How does one prove the formula for entropy $S=-\sum p\ln p$? Obviously systems on the microscopic level are fully determined by the microscopic equations of motion. So if you want to introduce a law on top of that, you have to prove consistency, i.e. entropy cannot be a postulate. I can imagine that it is derived from probability theory for general system. Do you know such a line?

Once you have such a reasoning, what are the assumptions to it? Can these assumptions be invalid for special systems?
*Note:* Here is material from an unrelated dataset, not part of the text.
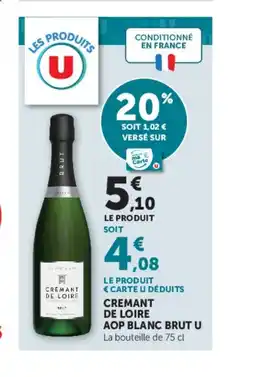 U Express U Cremant de loire aop blanc brut offre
Would these system not obey thermodynamics, statistical mechanics and not have any sort of temperature no matter how general?

If thermodynamics/stat.mech. are completely general, how would you apply them the system where one point particle orbits another?

You'll probably want to research information theory. This is the Shannon entropy. Interestingly, it's a constant of motion for Hamiltonian systems! You have a very interesting question, yet the answer could fill books. — Kasper, Commented Sep 7, 2011 at 18:44
Shannon entropy exists, but it's still no answer why it is used in physics. Shannon entropy probably has some presuppositions. So why does physics satisfy these presuppositions? — Gere, Commented Sep 7, 2011 at 18:55
I guess the correct outline of an answer would be to start with classical thermodynamics and get to Carnot/reversible heat engine, find entropy as a state function, before delving into stat mech to give it a microscopic interpretation... Seems like a big job... — genneth, Commented Sep 7, 2011 at 23:02
The common Carnot argument wouldn't help. The question how it is supposed to be connected with all microscopic processes in general would still be as open as before. Someone must have tried that before? I know common literature but it's not in there :(; S is whatever people use for showing irreversibility. — Gere, Commented Sep 7, 2011 at 23:36

Ron Maimon · Accepted Answer · 2011-09-08 17:33:06Z

The theorem is called the noiseless coding theorem, and it is often proven in clunky ways in information theory books. The point of the theorem is to calculate the minimum number of bits per variable you need to encode the values of N identical random variables chosen from $1...K$ whose probabilities of having a value $i$ between $1$ and $K$ is $p_i$. The minimum number of bits you need on average per variable in the large N limit is defined to be the information in the random variable. It is the minimum number of bits of information per variable you need to record in a computer so as to remember the values of the N copies with perfect fidelity.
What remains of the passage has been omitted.